### Provided material

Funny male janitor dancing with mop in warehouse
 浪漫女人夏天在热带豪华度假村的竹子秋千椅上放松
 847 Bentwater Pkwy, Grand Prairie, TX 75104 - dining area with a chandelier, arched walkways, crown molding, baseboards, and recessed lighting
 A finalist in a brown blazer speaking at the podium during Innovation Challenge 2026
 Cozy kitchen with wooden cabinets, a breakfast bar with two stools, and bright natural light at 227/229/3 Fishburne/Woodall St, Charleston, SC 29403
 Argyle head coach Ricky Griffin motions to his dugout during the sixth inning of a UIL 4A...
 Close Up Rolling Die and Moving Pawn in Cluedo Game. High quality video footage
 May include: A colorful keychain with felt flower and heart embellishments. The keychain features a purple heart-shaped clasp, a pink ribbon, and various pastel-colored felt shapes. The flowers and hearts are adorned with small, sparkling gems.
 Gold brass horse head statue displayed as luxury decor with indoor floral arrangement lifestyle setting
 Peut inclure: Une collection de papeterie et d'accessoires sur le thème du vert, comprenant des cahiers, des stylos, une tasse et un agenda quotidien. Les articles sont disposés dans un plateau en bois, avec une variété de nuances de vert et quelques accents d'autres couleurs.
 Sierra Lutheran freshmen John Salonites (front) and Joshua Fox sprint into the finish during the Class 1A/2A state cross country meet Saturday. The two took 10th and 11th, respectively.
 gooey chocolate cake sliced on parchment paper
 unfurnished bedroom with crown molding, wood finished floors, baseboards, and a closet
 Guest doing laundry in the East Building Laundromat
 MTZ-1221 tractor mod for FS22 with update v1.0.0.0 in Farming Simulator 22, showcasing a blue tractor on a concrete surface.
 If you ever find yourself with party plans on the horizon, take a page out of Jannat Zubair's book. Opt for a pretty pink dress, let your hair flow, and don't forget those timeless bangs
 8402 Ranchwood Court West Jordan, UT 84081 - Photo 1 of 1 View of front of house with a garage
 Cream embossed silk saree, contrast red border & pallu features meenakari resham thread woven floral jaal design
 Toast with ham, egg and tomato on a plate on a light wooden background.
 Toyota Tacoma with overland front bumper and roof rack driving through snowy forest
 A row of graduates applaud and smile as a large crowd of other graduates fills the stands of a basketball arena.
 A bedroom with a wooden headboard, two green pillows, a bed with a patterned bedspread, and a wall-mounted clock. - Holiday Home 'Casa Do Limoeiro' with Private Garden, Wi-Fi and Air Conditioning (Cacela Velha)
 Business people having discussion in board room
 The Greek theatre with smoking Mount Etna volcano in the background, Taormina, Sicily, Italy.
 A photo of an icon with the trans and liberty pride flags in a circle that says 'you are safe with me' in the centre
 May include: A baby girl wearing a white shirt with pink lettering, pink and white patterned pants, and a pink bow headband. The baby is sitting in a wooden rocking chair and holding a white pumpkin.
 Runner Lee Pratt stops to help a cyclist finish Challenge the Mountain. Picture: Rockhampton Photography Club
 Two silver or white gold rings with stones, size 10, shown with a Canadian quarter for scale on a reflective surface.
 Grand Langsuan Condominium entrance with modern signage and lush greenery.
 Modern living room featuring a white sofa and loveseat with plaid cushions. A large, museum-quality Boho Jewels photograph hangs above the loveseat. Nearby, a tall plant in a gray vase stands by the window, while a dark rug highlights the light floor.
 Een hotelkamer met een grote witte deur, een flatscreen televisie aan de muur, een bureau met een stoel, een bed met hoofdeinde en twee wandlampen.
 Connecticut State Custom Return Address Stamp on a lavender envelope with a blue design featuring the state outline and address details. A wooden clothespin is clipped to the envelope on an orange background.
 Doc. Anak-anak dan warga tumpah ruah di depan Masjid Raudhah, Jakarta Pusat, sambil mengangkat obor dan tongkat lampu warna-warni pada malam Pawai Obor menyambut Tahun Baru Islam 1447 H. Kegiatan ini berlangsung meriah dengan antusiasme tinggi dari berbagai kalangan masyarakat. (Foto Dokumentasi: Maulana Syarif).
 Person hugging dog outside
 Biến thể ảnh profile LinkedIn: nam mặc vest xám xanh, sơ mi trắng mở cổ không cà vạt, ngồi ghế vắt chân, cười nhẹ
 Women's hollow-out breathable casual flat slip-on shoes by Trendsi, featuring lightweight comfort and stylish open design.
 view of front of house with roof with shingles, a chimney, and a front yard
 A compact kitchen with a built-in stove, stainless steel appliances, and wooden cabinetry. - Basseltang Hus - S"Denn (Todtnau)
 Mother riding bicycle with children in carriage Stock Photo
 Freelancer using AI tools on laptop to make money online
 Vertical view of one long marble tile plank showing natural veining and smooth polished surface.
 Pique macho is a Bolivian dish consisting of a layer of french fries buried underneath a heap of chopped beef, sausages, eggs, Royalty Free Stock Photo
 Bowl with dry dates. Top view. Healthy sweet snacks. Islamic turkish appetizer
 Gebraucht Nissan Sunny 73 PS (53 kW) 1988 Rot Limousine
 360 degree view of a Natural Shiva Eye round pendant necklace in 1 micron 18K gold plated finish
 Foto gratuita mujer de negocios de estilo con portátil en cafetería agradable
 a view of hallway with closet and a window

### Work to be completed
Filter the listing above by the word "molding"; copy each line that passes.

### Answer to this exercise
 847 Bentwater Pkwy, Grand Prairie, TX 75104 - dining area with a chandelier, arched walkways, crown molding, baseboards, and recessed lighting
 unfurnished bedroom with crown molding, wood finished floors, baseboards, and a closet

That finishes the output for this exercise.